═══ ENTRIES SUPPLIED ═══

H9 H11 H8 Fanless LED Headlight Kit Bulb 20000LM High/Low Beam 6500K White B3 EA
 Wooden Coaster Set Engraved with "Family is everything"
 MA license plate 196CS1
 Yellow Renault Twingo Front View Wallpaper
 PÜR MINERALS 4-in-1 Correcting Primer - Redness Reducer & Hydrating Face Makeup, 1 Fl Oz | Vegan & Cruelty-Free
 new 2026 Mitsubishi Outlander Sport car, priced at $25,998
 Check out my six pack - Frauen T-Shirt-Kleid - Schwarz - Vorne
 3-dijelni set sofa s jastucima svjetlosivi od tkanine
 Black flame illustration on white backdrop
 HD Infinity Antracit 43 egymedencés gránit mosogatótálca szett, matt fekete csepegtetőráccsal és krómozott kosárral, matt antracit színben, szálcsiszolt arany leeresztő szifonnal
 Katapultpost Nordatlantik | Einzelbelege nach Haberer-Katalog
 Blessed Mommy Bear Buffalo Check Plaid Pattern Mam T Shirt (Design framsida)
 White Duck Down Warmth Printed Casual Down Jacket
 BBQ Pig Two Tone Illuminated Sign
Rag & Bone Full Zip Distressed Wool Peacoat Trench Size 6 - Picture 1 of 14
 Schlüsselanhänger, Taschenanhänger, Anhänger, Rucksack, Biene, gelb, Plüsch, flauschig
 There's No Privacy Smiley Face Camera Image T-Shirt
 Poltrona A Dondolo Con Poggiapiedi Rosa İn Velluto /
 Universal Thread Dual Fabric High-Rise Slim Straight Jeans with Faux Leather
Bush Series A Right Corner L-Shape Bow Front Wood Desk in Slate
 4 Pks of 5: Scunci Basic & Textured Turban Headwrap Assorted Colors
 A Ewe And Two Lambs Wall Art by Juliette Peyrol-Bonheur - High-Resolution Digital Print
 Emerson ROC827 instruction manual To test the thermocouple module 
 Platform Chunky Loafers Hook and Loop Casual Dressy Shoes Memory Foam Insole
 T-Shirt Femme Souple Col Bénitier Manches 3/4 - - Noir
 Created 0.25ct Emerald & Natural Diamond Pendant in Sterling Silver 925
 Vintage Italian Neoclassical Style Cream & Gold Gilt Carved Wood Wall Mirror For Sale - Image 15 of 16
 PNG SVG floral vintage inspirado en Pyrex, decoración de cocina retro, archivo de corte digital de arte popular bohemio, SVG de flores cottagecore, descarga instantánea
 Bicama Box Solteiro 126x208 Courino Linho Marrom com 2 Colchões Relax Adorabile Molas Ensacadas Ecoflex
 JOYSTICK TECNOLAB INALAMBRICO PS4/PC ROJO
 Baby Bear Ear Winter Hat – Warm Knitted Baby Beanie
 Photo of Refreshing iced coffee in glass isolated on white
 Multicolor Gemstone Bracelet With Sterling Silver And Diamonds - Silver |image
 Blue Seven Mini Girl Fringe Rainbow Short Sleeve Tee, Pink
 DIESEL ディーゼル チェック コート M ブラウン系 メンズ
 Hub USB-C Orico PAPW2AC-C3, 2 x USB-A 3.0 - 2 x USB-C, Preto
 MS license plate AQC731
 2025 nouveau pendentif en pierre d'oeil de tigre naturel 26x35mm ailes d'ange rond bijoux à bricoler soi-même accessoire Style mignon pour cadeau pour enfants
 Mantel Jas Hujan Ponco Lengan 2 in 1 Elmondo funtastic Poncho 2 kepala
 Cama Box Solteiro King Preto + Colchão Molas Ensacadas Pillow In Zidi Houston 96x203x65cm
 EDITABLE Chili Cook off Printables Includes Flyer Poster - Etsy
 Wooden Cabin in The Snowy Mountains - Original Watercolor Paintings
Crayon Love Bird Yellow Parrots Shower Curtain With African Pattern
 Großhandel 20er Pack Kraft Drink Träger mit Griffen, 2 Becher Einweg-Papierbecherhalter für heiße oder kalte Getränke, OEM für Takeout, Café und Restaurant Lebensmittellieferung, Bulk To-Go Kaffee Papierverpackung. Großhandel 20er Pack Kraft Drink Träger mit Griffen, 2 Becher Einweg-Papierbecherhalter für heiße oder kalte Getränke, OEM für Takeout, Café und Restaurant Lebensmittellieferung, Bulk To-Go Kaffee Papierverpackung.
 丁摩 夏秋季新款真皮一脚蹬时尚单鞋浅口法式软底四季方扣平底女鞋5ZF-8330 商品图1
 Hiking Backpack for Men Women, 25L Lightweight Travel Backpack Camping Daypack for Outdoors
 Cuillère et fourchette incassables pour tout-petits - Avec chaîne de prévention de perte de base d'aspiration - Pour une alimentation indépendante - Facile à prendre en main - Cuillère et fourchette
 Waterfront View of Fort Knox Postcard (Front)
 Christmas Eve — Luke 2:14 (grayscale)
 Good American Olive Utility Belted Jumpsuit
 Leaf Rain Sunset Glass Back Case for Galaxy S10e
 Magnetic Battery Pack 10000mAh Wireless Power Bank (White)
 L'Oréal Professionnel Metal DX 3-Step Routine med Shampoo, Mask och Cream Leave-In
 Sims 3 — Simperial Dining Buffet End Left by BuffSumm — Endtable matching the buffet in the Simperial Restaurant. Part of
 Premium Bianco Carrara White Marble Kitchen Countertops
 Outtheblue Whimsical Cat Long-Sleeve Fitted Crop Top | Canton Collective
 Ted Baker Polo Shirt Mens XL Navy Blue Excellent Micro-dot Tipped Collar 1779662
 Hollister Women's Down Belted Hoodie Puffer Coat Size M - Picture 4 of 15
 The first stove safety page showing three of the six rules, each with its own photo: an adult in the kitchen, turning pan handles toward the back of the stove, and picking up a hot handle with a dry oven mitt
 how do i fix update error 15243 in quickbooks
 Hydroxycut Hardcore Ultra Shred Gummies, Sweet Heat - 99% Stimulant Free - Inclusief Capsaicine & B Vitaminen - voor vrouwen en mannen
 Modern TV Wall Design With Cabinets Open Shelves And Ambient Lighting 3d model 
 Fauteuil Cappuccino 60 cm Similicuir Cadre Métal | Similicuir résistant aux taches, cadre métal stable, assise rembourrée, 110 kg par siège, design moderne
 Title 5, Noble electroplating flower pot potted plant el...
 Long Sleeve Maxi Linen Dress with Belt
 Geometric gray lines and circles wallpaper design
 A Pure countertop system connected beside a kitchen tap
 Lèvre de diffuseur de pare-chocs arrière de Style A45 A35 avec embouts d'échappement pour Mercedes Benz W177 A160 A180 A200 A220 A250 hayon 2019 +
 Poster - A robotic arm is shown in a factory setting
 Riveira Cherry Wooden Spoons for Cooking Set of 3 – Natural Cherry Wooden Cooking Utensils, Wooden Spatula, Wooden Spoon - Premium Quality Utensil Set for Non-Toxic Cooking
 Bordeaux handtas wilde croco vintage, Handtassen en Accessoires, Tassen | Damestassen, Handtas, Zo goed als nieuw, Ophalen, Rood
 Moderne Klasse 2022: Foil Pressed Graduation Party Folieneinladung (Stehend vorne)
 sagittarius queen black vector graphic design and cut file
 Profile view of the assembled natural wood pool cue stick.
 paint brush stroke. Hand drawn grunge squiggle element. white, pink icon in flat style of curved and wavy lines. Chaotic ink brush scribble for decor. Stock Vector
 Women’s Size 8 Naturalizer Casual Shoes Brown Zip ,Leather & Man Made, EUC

═══

◆ YOUR GOAL: Within the listing above, the range opens at the line with "MA license plate 196CS1" and closes at the line with "Bicama Box Solteiro". Reproduce exactly the lines of that range, including both ends.

◆ YOUR SOLUTION:
 MA license plate 196CS1
 Yellow Renault Twingo Front View Wallpaper
 PÜR MINERALS 4-in-1 Correcting Primer - Redness Reducer & Hydrating Face Makeup, 1 Fl Oz | Vegan & Cruelty-Free
 new 2026 Mitsubishi Outlander Sport car, priced at $25,998
 Check out my six pack - Frauen T-Shirt-Kleid - Schwarz - Vorne
 3-dijelni set sofa s jastucima svjetlosivi od tkanine
 Black flame illustration on white backdrop
 HD Infinity Antracit 43 egymedencés gránit mosogatótálca szett, matt fekete csepegtetőráccsal és krómozott kosárral, matt antracit színben, szálcsiszolt arany leeresztő szifonnal
 Katapultpost Nordatlantik | Einzelbelege nach Haberer-Katalog
 Blessed Mommy Bear Buffalo Check Plaid Pattern Mam T Shirt (Design framsida)
 White Duck Down Warmth Printed Casual Down Jacket
 BBQ Pig Two Tone Illuminated Sign
Rag & Bone Full Zip Distressed Wool Peacoat Trench Size 6 - Picture 1 of 14
 Schlüsselanhänger, Taschenanhänger, Anhänger, Rucksack, Biene, gelb, Plüsch, flauschig
 There's No Privacy Smiley Face Camera Image T-Shirt
 Poltrona A Dondolo Con Poggiapiedi Rosa İn Velluto /
 Universal Thread Dual Fabric High-Rise Slim Straight Jeans with Faux Leather
Bush Series A Right Corner L-Shape Bow Front Wood Desk in Slate
 4 Pks of 5: Scunci Basic & Textured Turban Headwrap Assorted Colors
 A Ewe And Two Lambs Wall Art by Juliette Peyrol-Bonheur - High-Resolution Digital Print
 Emerson ROC827 instruction manual To test the thermocouple module 
 Platform Chunky Loafers Hook and Loop Casual Dressy Shoes Memory Foam Insole
 T-Shirt Femme Souple Col Bénitier Manches 3/4 - - Noir
 Created 0.25ct Emerald & Natural Diamond Pendant in Sterling Silver 925
 Vintage Italian Neoclassical Style Cream & Gold Gilt Carved Wood Wall Mirror For Sale - Image 15 of 16
 PNG SVG floral vintage inspirado en Pyrex, decoración de cocina retro, archivo de corte digital de arte popular bohemio, SVG de flores cottagecore, descarga instantánea
 Bicama Box Solteiro 126x208 Courino Linho Marrom com 2 Colchões Relax Adorabile Molas Ensacadas Ecoflex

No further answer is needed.